Discussion on Answer
Aviv,
In this column Dr. Shuki Friedman points out the differences between the Holocaust and the current situation
https://www.inn.co.il/news/618670
Gilad,
He talks about the numbers and our military capability. That is a relevant difference for a comparison to the Holocaust. I am saying, somewhat fearfully, that there also is no real comparison between the Nazis and Hamas.
A thought experiment:
Hamas rules Israel; there is no IDF.
Would Hamas set up extermination camps that for years would destroy every Jewish baby because he is Jewish? And later, when they take over Europe… would they also systematically exterminate every Jewish girl in Europe?
In my opinion, no. This is a war; every human boundary has been crossed in it, but still a war.
Without cheapening the horrifying pogroms of October 7 or the horrifying pogroms against the Jews of the Arab countries — neither of them was the Holocaust in the essential sense (the Holocaust with a capital H).
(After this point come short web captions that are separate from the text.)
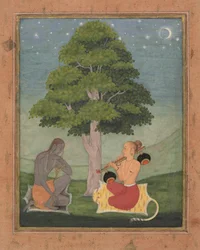 Kedar Ragini: Folio ze série ragamala Garland of Musical Modes, ca. 1690-95.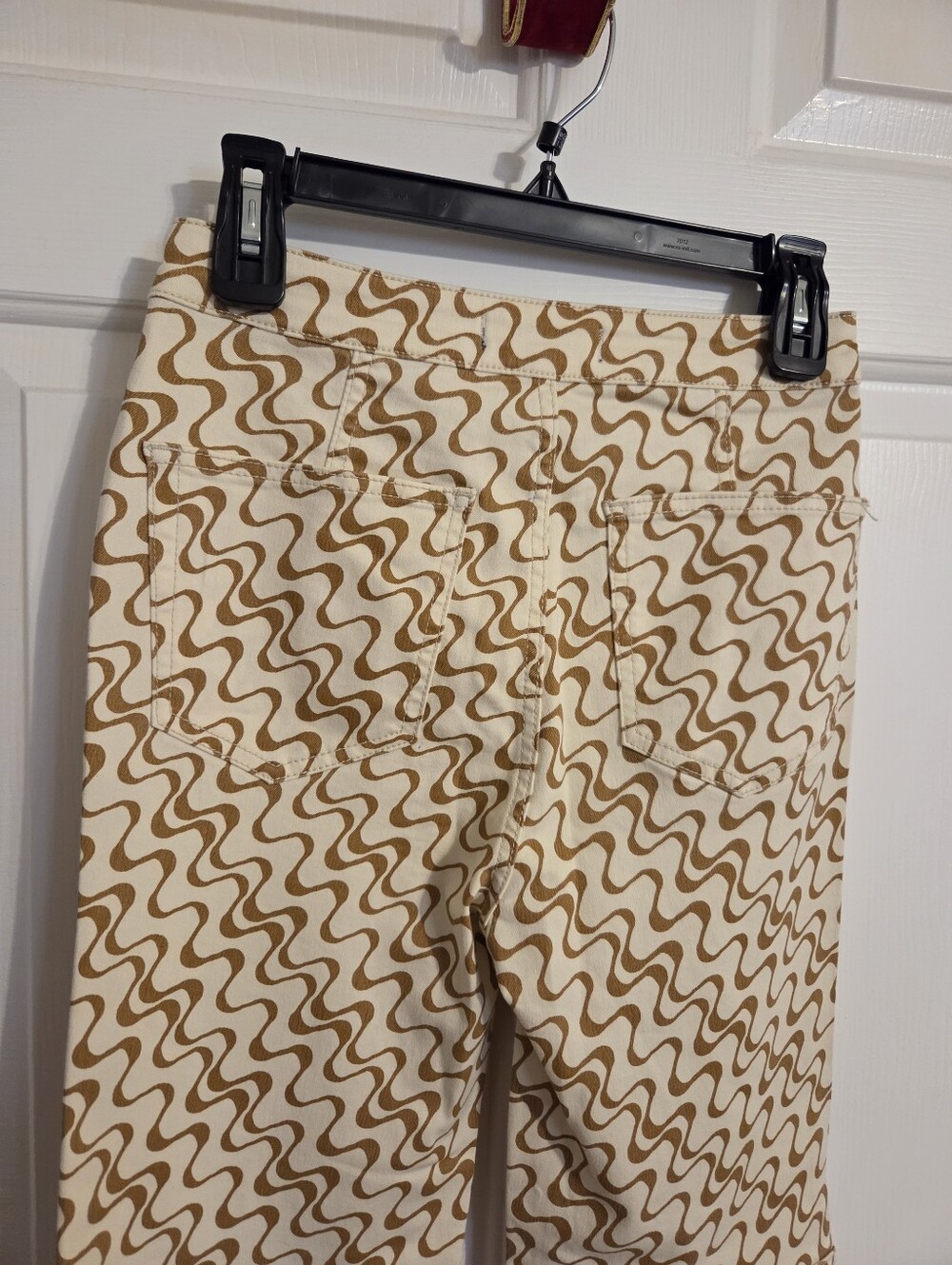 Free People Patterned Flare Jeans Size 27, NWT - Picture 9 of 13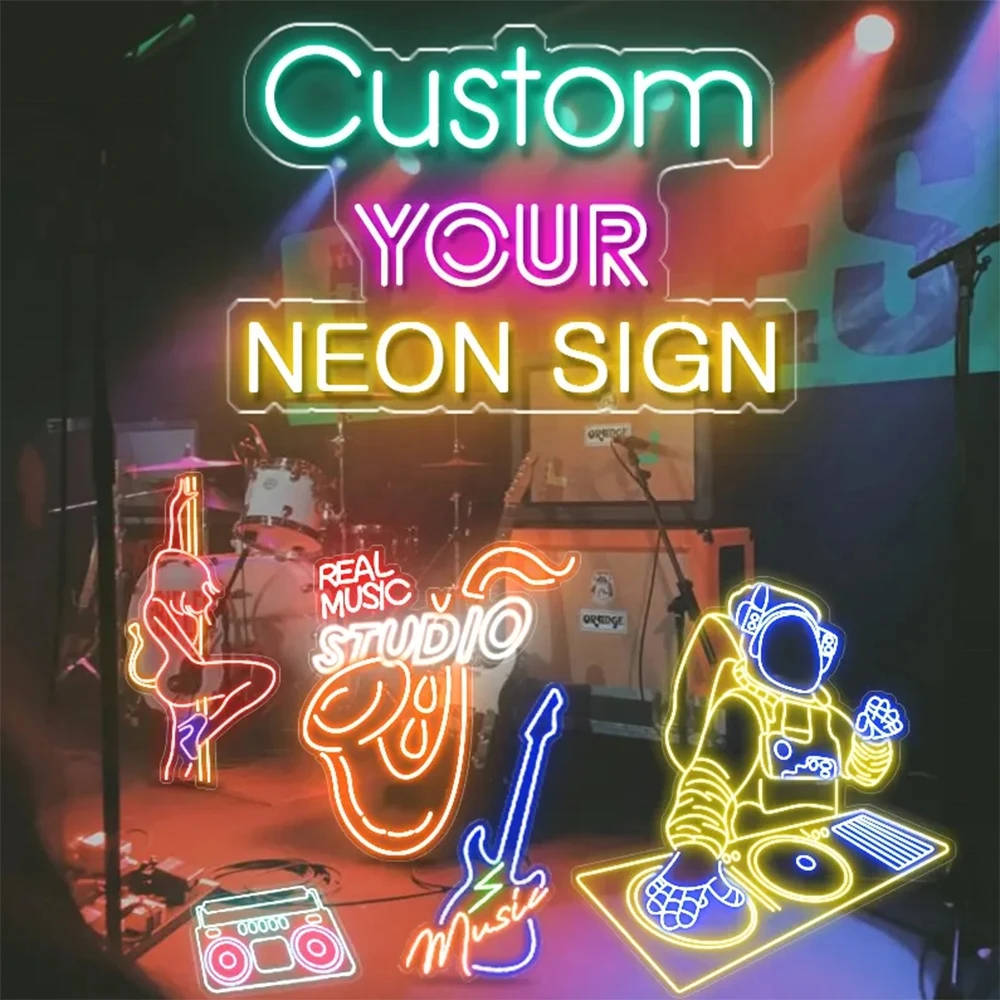 Free Design Custom LED Illuminated Sign Dropshipping Name Logo Neon for Bedroom Birthday Party Home with Free Drop Shipping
Does Hamas want to destroy all the Jews in the world? Would they try to conquer countries to carry out their plan? Would they also murder Jews who converted to Islam? Also women who converted to Islam and married Muslims? Do they see Jews as an inferior race?
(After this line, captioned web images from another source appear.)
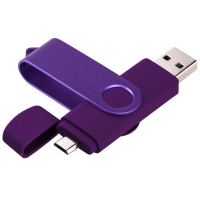 Флешка TWIST COLOR OTG Фиолетовая 4018.11.32ГБ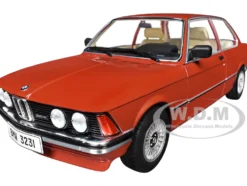 1980 BMW 323i Ruby Red Metallic 1/18 Diecast Model Car by Solido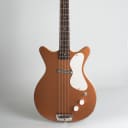 Danelectro  Shorthorn Standard Model 3412 Electric Bass Guitar (1960), ser. #2010-0, original brown alligator grain chipboard case.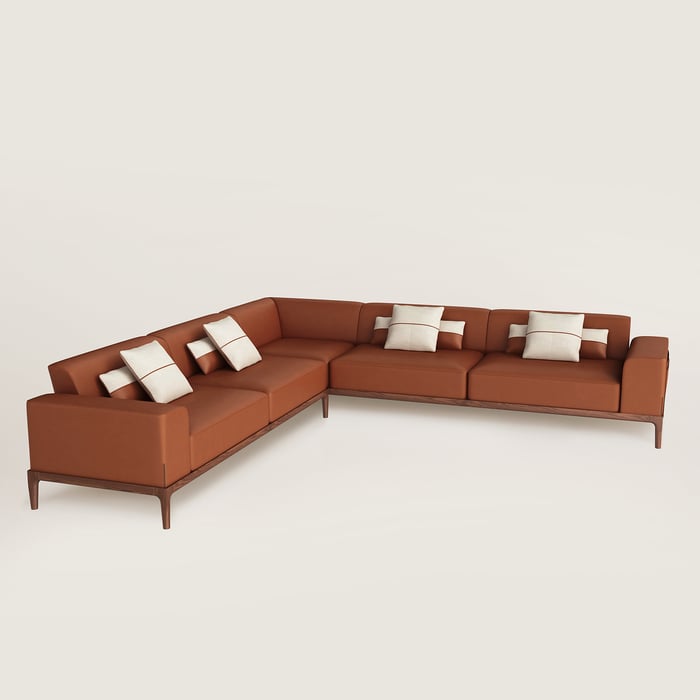 Fauve Sofa Sellier 5-seater Corner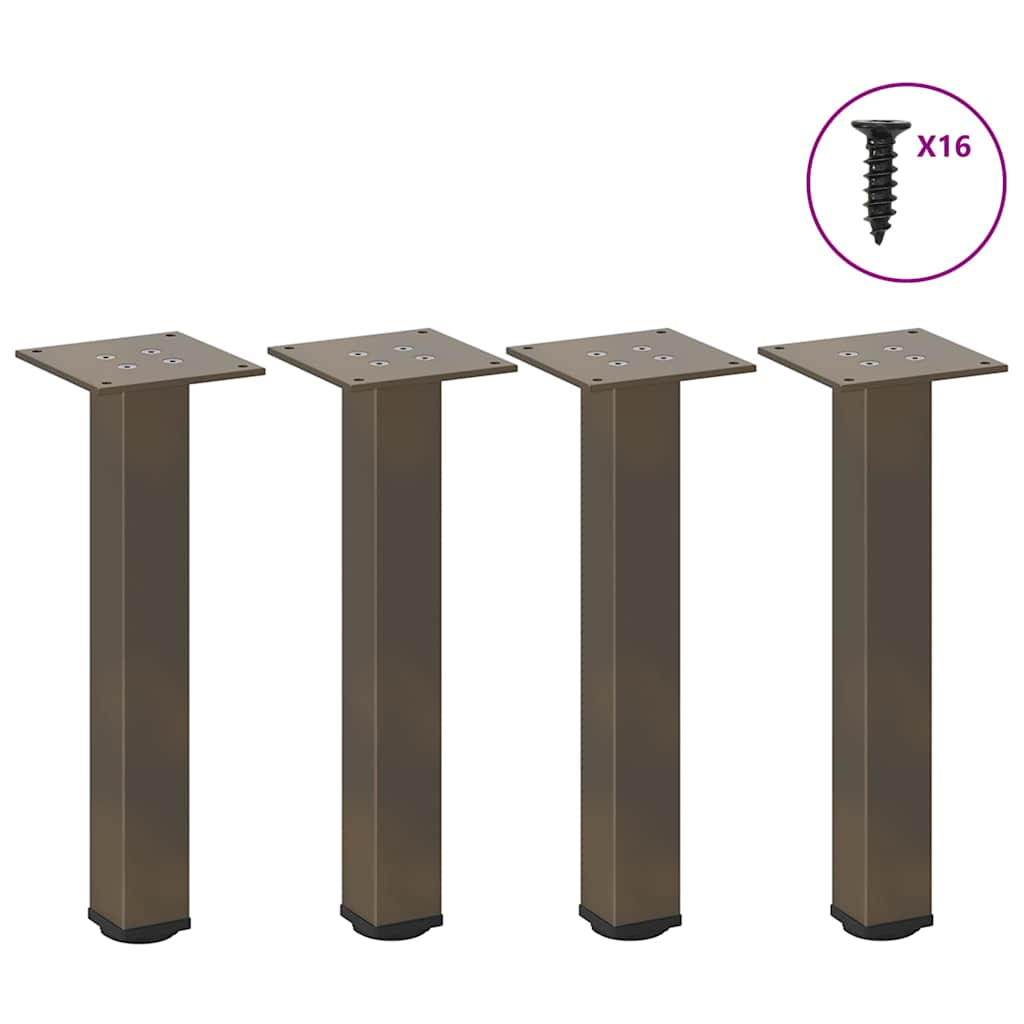 Coffee table legs natural steel 4 pcs 30-32 cm steel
If the answer to even one of those questions is no, then they are not Nazis. The Russian army is no less terrible. The Chinese are no less terrible. But none of them are Nazis.
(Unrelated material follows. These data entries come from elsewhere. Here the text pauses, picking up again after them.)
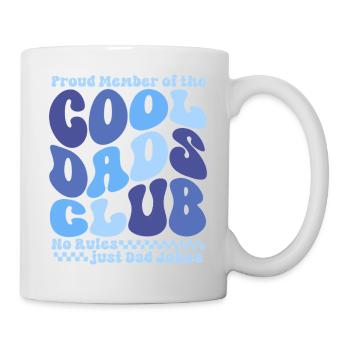 Cool Dads Club - Dad Father's Day Gift - Mug - white - Right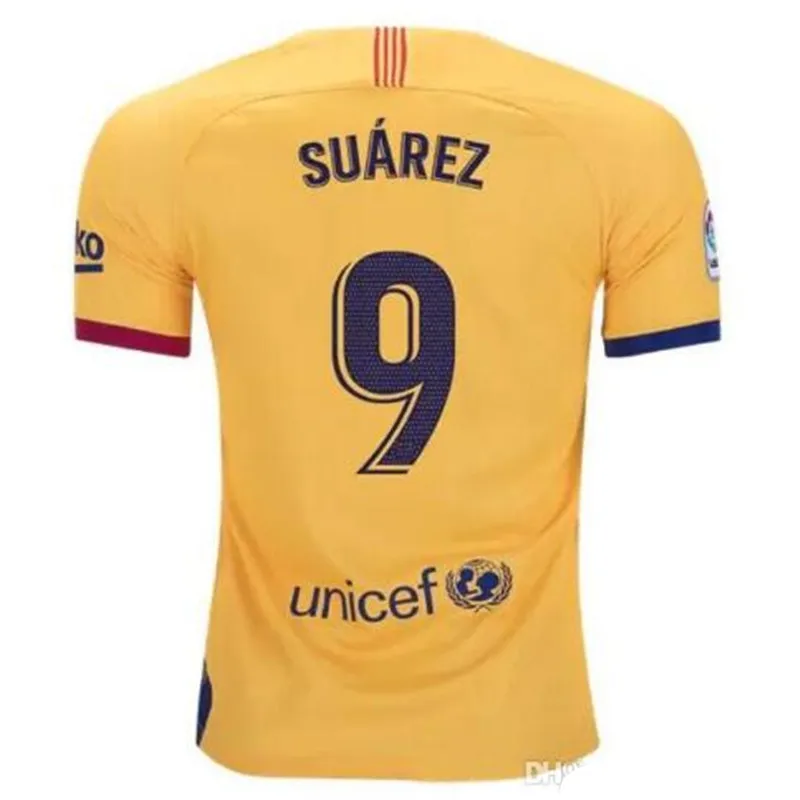 Barcaed Jersey soccer взрослая футболка F. DE JONG GRIEZMANN MESSI SUAREZ ARTHUR COUTINHO VIDAL I. RAKITIC футбольная рубашка - Цвет: shirt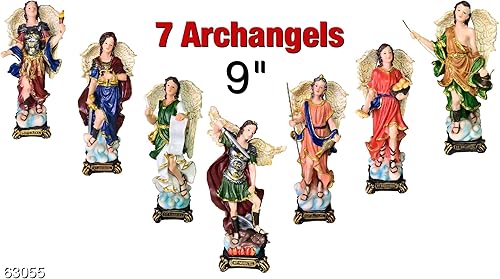 Conjunto completo de 7 arcángeles Michael, Rafael, Gabriel, Uriel, Zadquiel, Barachiel, Jofiel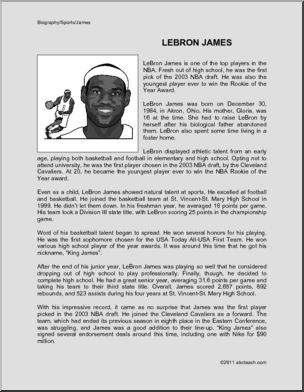 Biography: LeBron James (upper elem/middle)
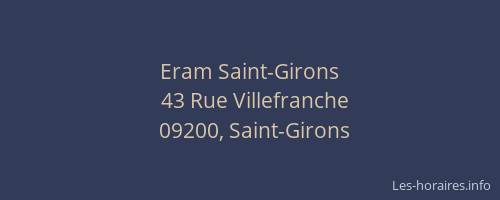 Eram Saint-Girons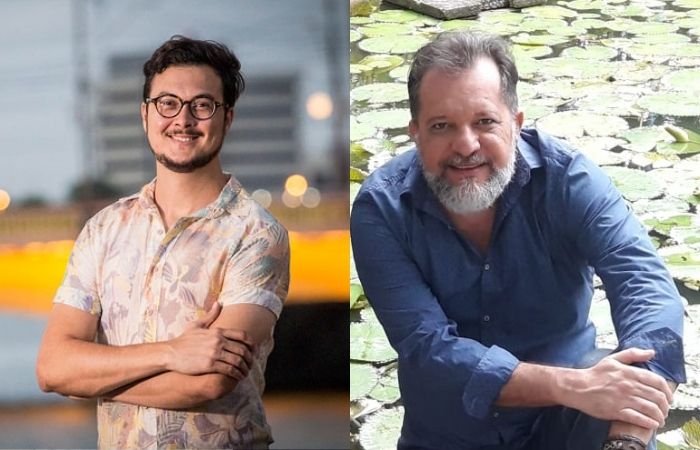 Escritores Cleyton Cabral e Paulo Andr Viana (Foto: Alex Ribeiro e Jhoni Santos/Divulgao)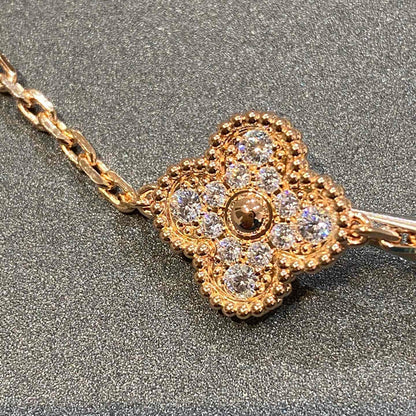 [Everoly JW]  CLOVER 5 MOTIF FULL DIAMOND BRACELET COLLECTION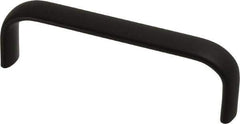 Electro Hardware - 1-1/2" High Oval Handle - Brush Black Anodized, Aluminum, 4-9/16" Center to Center - All Tool & Supply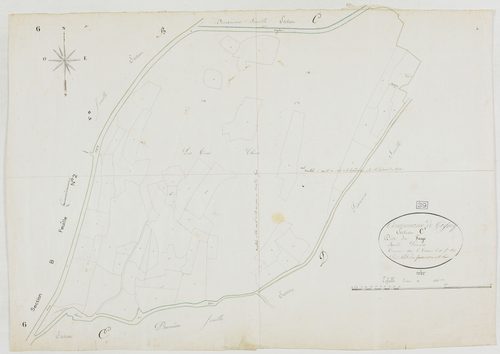 Gigny, section C, les Fays, feuille 1.géomètre : Félix aîné et cadet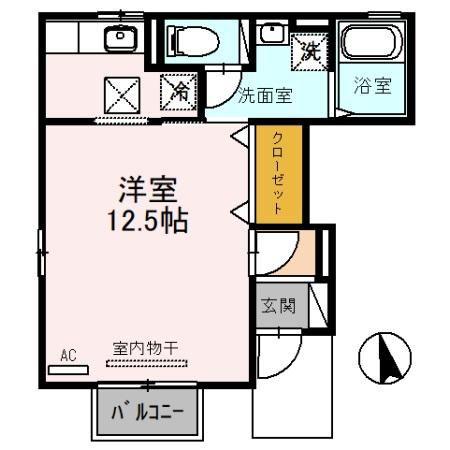 エスペランサ(ワンルーム/1階)の間取り写真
I don’t want to say anything that might sound like a point in favor of those despicable terrorists, and in terms of cruelty, I at least don’t see a difference between the Nazis and the Hamas terrorists.
But between us (don’t tell anyone; our public-relations situation is lousy as it is), Hamas do what they do in the name of war (horrifying war crimes, of course), whereas the Nazis did it in the name of ethnic cleansing. And it’s true that the organization, and the Palestinians in general, stink of antisemitism, but broadly speaking this is a war (don’t be mad at me… we’re the good guys; the other side has no moral boundaries), and also the many quotations from the Hamas charter and interviews with its leaders using the word “Jews” are demagoguery (blessed demagoguery, for lack of a choice) — they mean Israelis and Zionism; for them it’s all the same thing.
And again, let me qualify that — there is also blatant and ugly hatred of Jews, but that’s not the ideology, at least on the surface — and that matters a lot! The manifesto is different, taken out of context, and people ignore nuances in Palestinian street language (out of which Hamas grew).
So not completely Nazis, but definitely deserving of death.
(There are of course other errors in the comparison, but I won’t go on.)